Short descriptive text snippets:

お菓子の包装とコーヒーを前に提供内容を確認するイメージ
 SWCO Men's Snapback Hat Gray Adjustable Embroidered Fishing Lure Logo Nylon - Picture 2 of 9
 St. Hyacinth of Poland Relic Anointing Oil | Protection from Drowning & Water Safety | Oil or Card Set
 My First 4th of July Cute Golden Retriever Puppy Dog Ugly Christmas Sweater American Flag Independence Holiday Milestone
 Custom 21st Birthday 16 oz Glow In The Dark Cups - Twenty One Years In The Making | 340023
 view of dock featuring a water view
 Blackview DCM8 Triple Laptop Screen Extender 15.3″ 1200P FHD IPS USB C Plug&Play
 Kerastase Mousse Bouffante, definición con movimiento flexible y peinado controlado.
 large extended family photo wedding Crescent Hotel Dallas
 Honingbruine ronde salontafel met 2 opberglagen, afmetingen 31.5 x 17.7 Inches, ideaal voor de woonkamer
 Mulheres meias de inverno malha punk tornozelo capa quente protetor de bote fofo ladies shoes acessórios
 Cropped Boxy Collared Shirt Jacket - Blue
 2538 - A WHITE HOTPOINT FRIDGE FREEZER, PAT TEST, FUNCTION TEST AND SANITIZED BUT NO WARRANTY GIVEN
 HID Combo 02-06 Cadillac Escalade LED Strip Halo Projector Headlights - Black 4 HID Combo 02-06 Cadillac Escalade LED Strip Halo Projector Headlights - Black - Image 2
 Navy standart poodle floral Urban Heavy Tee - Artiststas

- _Task to complete_
Your answer should be the lines from the one containing "large extended family" through the last line of the records, repeated exactly and with nothing added.

- _Solution to the exercise_
 large extended family photo wedding Crescent Hotel Dallas
 Honingbruine ronde salontafel met 2 opberglagen, afmetingen 31.5 x 17.7 Inches, ideaal voor de woonkamer
 Mulheres meias de inverno malha punk tornozelo capa quente protetor de bote fofo ladies shoes acessórios
 Cropped Boxy Collared Shirt Jacket - Blue
 2538 - A WHITE HOTPOINT FRIDGE FREEZER, PAT TEST, FUNCTION TEST AND SANITIZED BUT NO WARRANTY GIVEN
 HID Combo 02-06 Cadillac Escalade LED Strip Halo Projector Headlights - Black 4 HID Combo 02-06 Cadillac Escalade LED Strip Halo Projector Headlights - Black - Image 2
 Navy standart poodle floral Urban Heavy Tee - Artiststas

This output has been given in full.